Department of Statistics, University of Rome La Sapienza, Rome, Italy.
Department of Mathematics and Computer Science, University of Palermo, Palermo, Italy.
BMC Bioinformatics. 2022 Nov 11;23(1):474. doi: 10.1186/s12859-022-05026-w.
Huge amounts of molecular interaction data are continuously produced and stored in public databases. Although many bioinformatics tools have been proposed in the literature for their analysis, based on their modeling through different types of biological networks, several problems still remain unsolved when the problem turns on a large scale.
We propose DIAMIN, that is, a high-level software library to facilitate the development of applications for the efficient analysis of large-scale molecular interaction networks. DIAMIN relies on distributed computing, and it is implemented in Java upon the framework Apache Spark. It delivers a set of functionalities implementing different tasks on an abstract representation of very large graphs, providing a built-in support for methods and algorithms commonly used to analyze these networks. DIAMIN has been tested on data retrieved from two of the most used molecular interactions databases, resulting to be highly efficient and scalable. As shown by different provided examples, DIAMIN can be exploited by users without any distributed programming experience, in order to perform various types of data analysis, and to implement new algorithms based on its primitives.
The proposed DIAMIN has been proved to be successful in allowing users to solve specific biological problems that can be modeled relying on biological networks, by using its functionalities. The software is freely available and this will hopefully allow its rapid diffusion through the scientific community, to solve both specific data analysis and more complex tasks.

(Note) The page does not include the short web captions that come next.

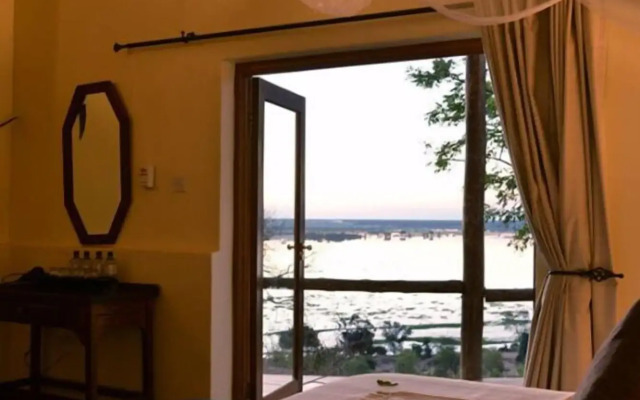 Muchenje Safari Lodge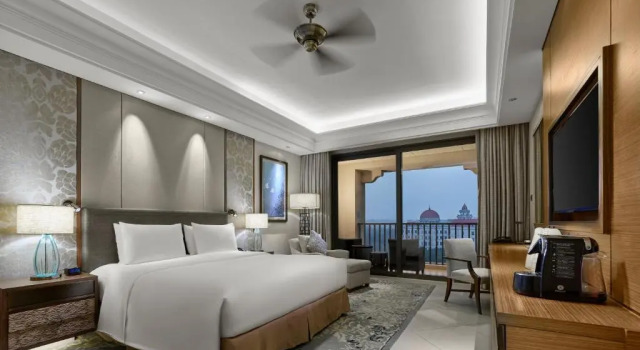 Двухместный номер Executive Hilton Haikou Meilan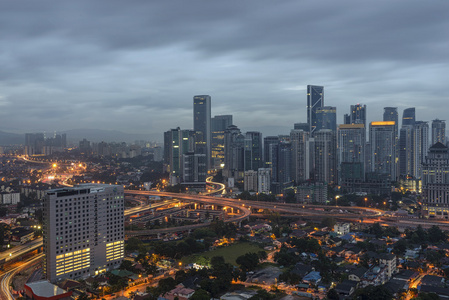 天阴暗的早上吉隆坡市图片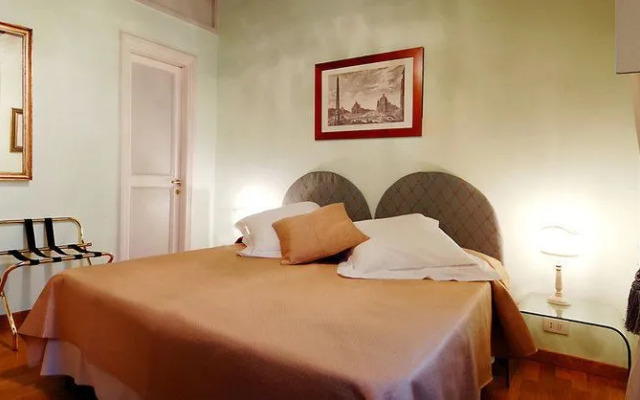 Piazza di Spagna Sweet Home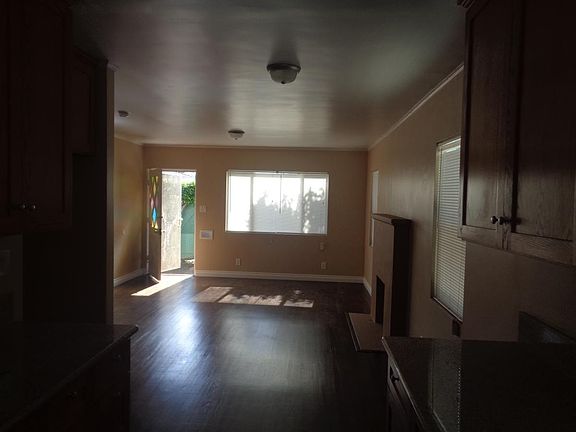 4th image of 719 1/2 Gulf Ave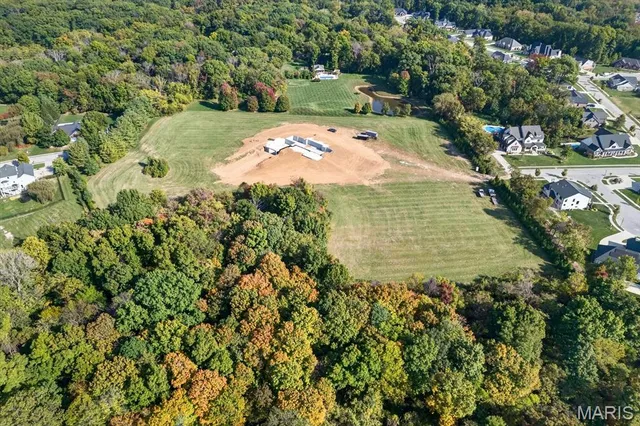 $1,900,000 | 115 Cobblestone Hill, O'Fallon, IL 62269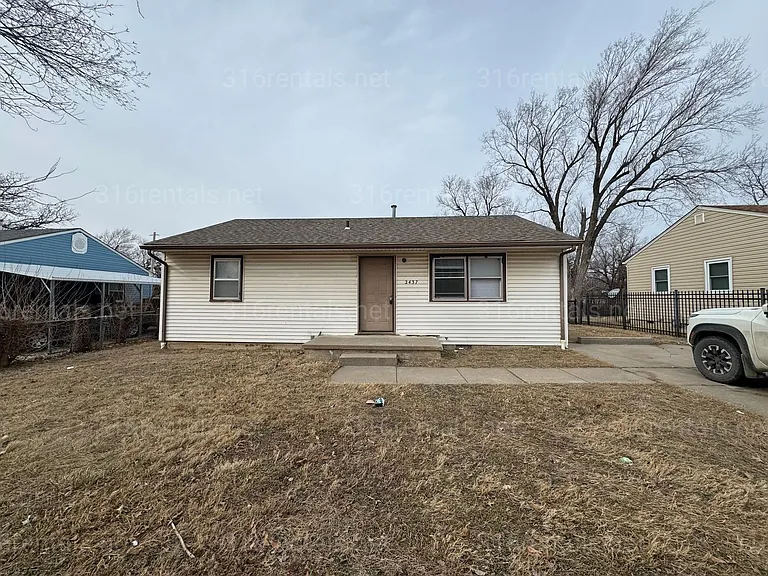 2437 N Estelle Ave — Photo 1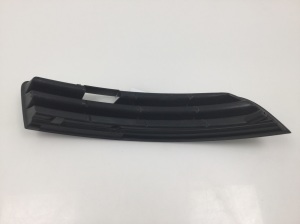 Volkswagen Passat B6 (2005–2010) Priekšējā bampera apakšējā reste 3C0853665 - 3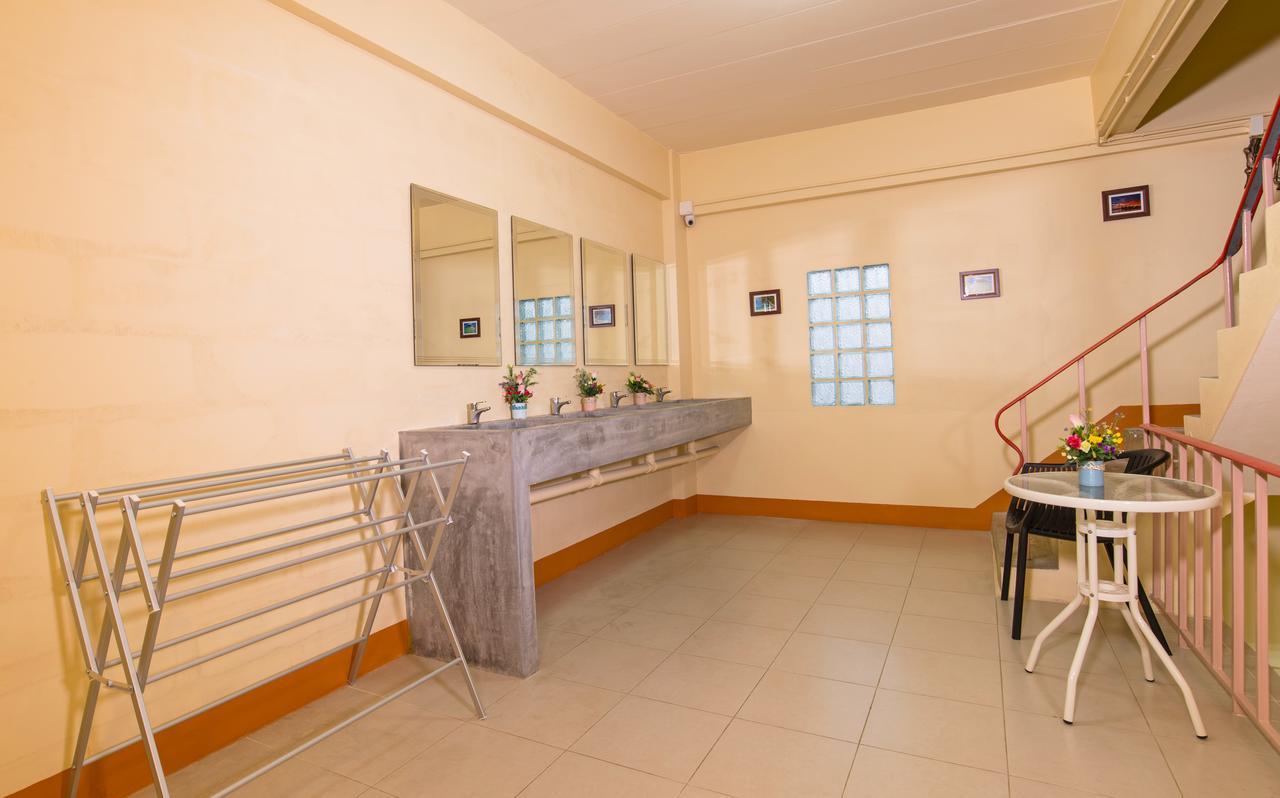 Chaofar De Hostel Krabi town Esterno foto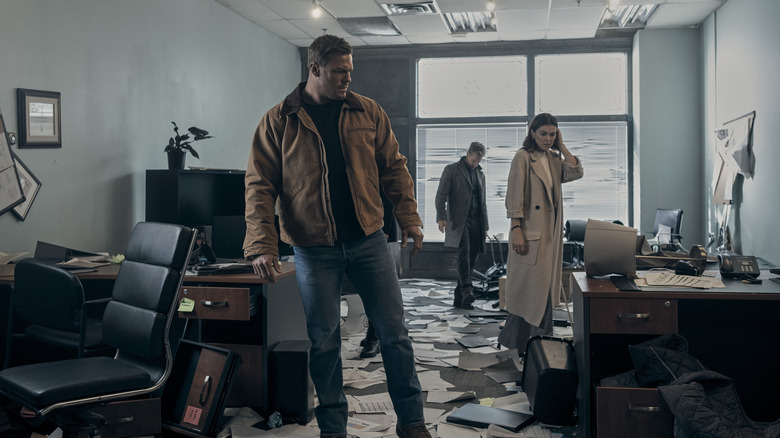 Jack Reacher in disorganized office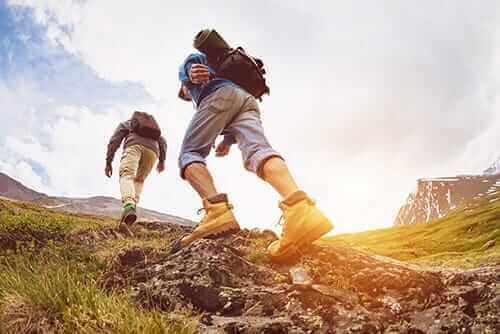 hiking at a denver colorado addiction treatment center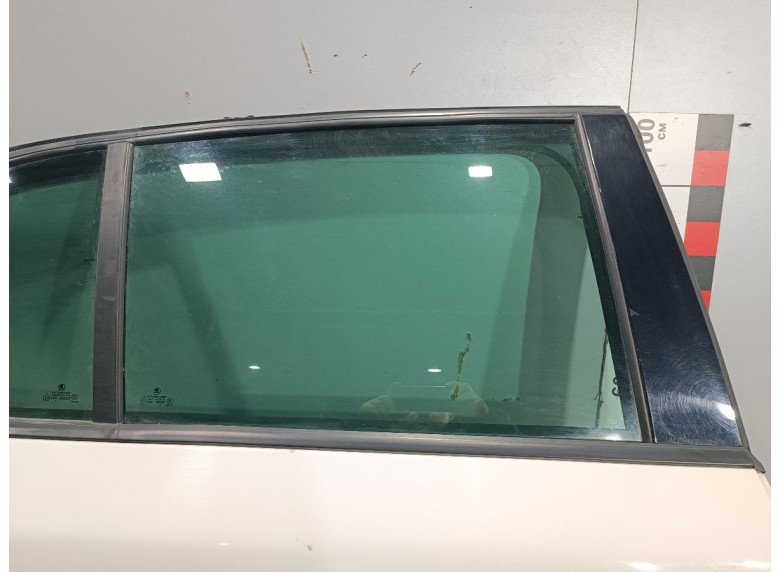 Стекло двери задней правой к Skoda Superb, 2010г.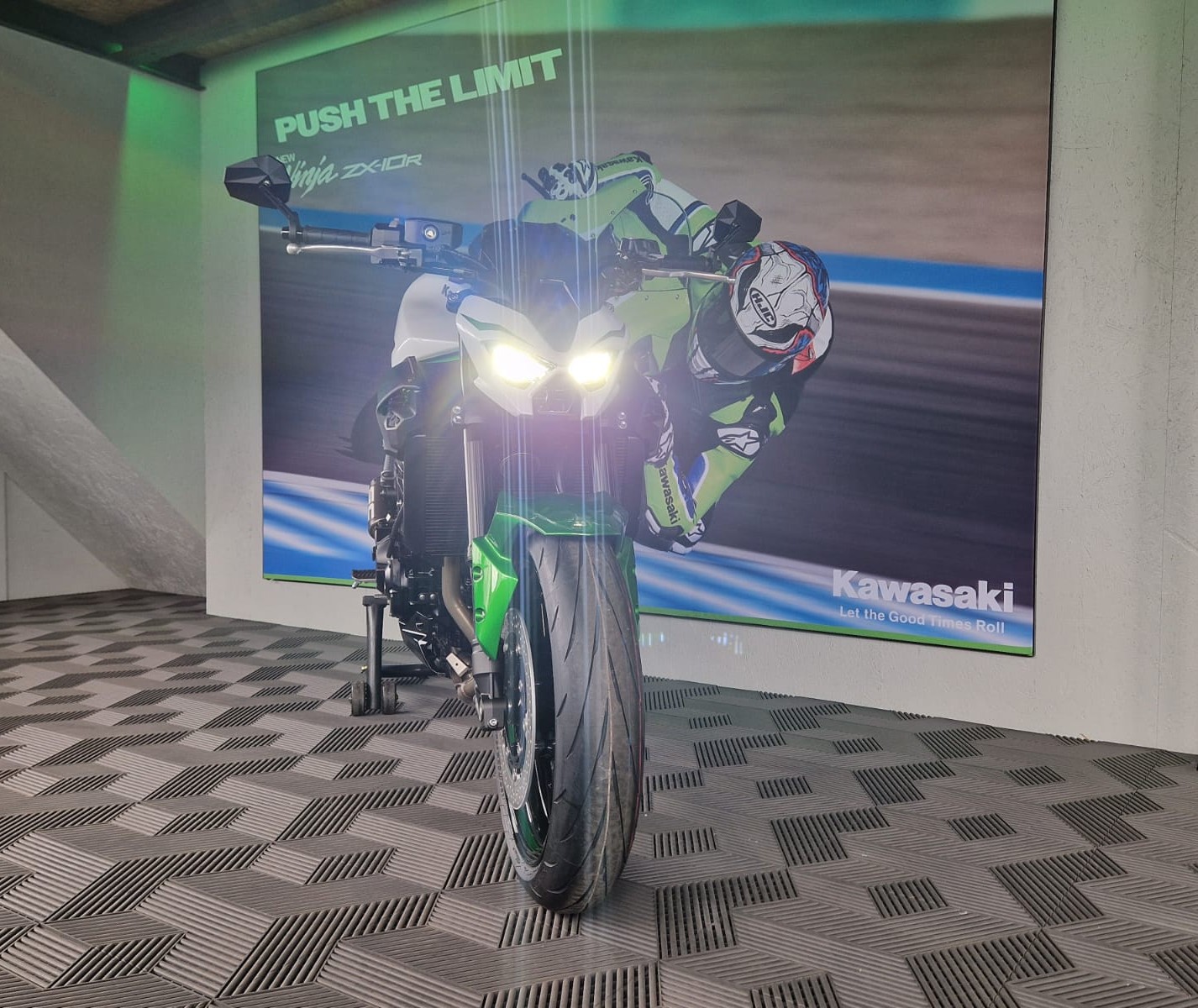 KAWASAKI Z 900 (35kW) MY 2027-image-4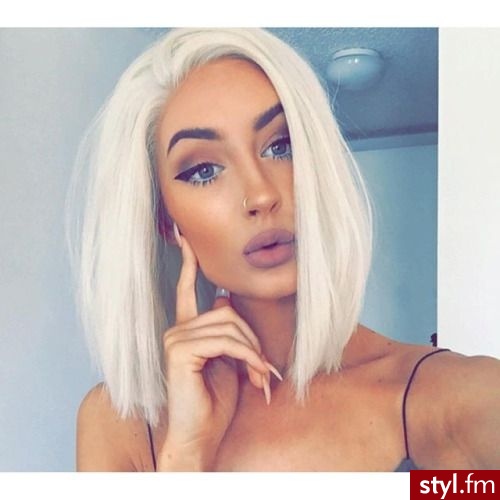 Blond Rozpuszczone Proste Na co dzień Średnie Fryzury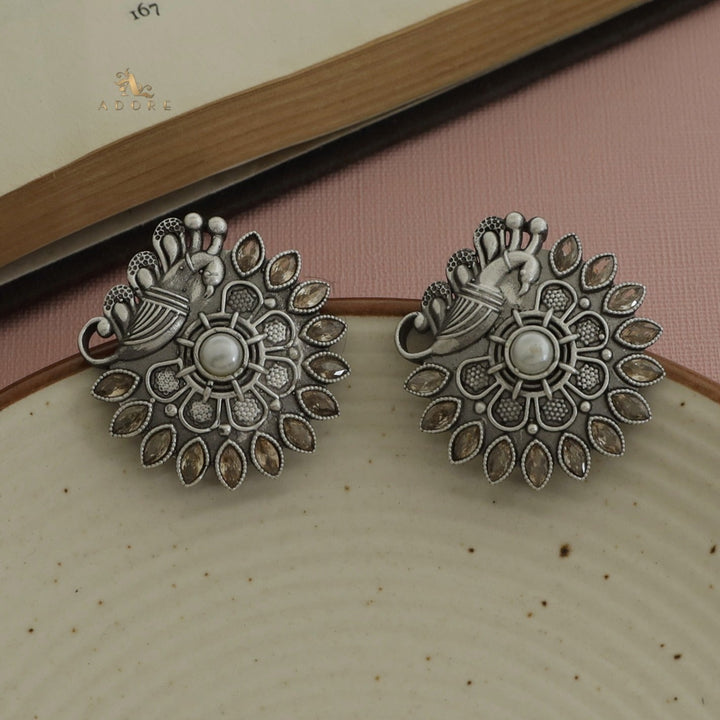 Etva Pearly Flower Bird Earring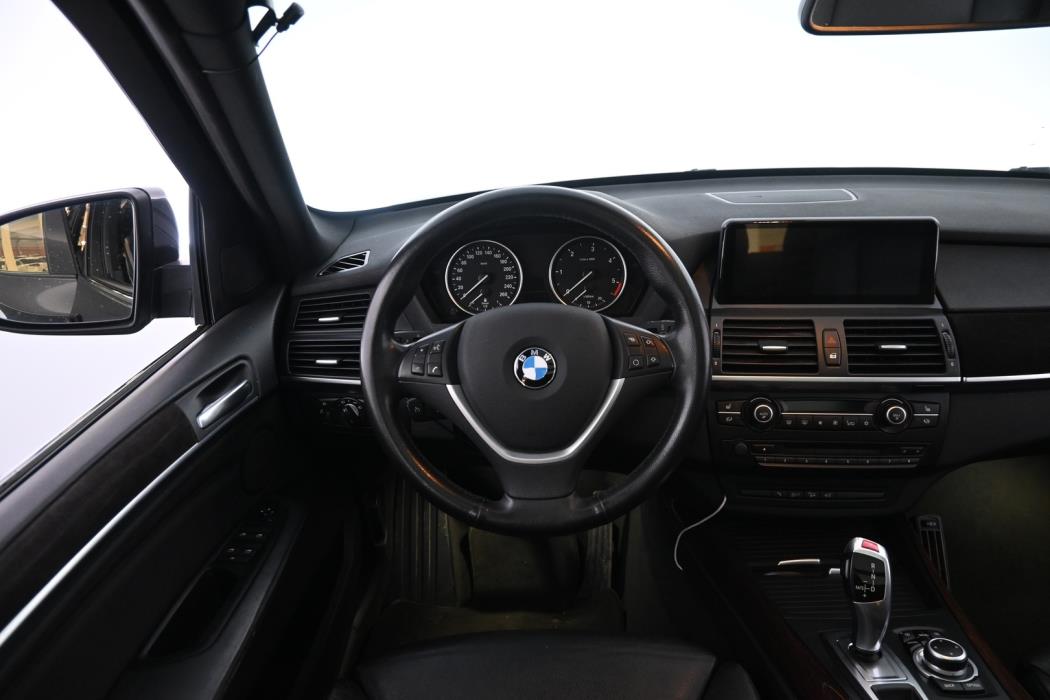 BMW X5 2010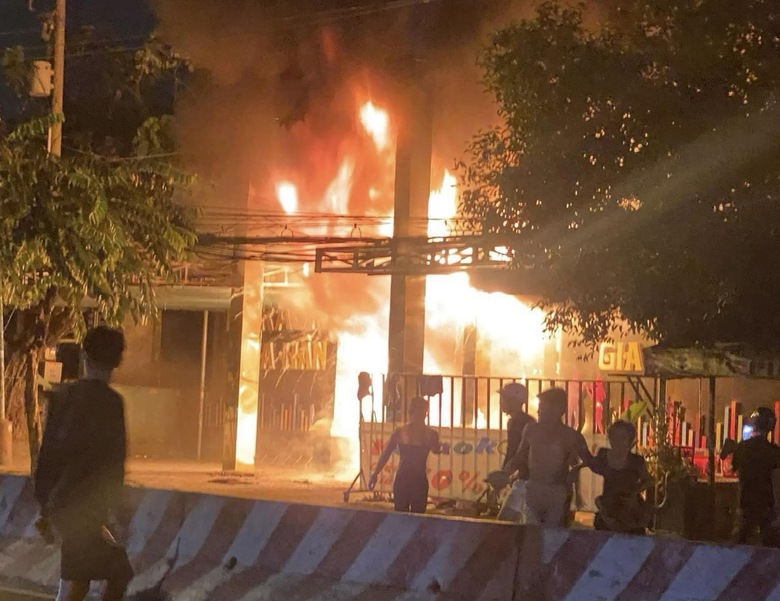 Qu&aacute;n karaoke xảy ra hỏa hoạn ở B&igrave;nh Dương đ&atilde; bị đ&igrave;nh chỉ hơn 1 năm qua - Ảnh 1.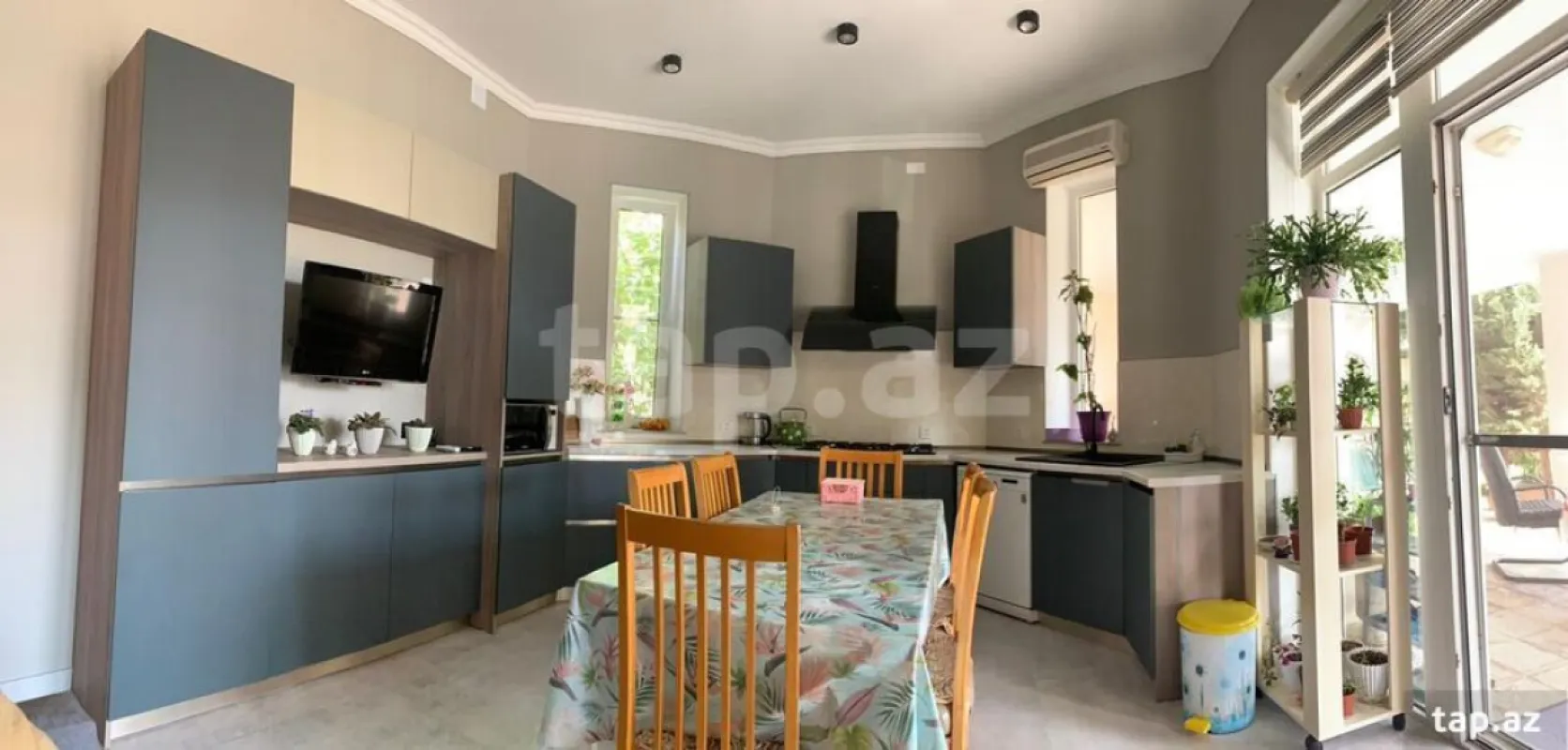 Satılır 5 otaqlı həyət evi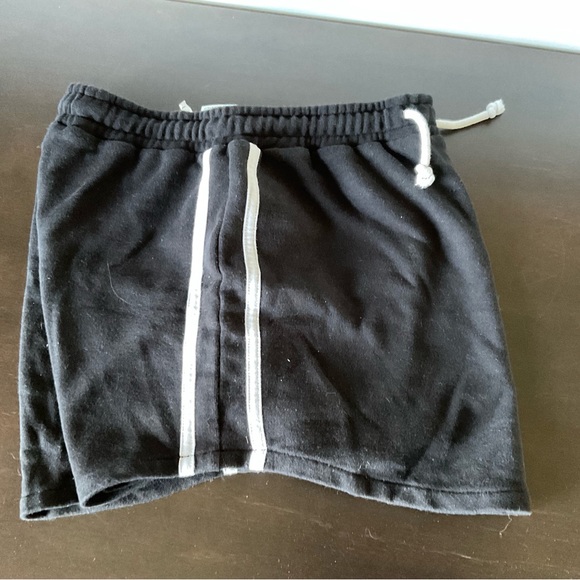 Tag black mini skirt - Picture 3 of 4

大量的分子相互作用数据不断地在公共数据库中产生和存储。尽管文献中已经提出了许多生物信息学工具来分析这些数据,但当问题涉及大规模数据时,基于不同类型的生物网络进行建模,仍然存在一些未解决的问题。
我们提出了 DIAMIN,这是一个高级软件库,旨在为大规模分子相互作用网络的高效分析应用程序的开发提供便利。DIAMIN 依赖于分布式计算,它是在 Java 上基于 Apache Spark 框架实现的。它提供了一组功能,在大型图的抽象表示上实现不同的任务,为分析这些网络常用的方法和算法提供了内置支持。DIAMIN 已经在从两个最常用的分子相互作用数据库中检索的数据上进行了测试,结果表明它具有高效性和可扩展性。通过提供的不同示例可以看出,即使用户没有分布式编程经验,也可以利用 DIAMIN 来执行各种类型的数据分析,并基于其原语实现新的算法。
已经证明,所提出的 DIAMIN 成功地允许用户通过使用其功能来解决可以通过生物网络建模的特定生物学问题。该软件是免费提供的,这有望通过科学界的快速传播,来解决特定的数据分析和更复杂的任务。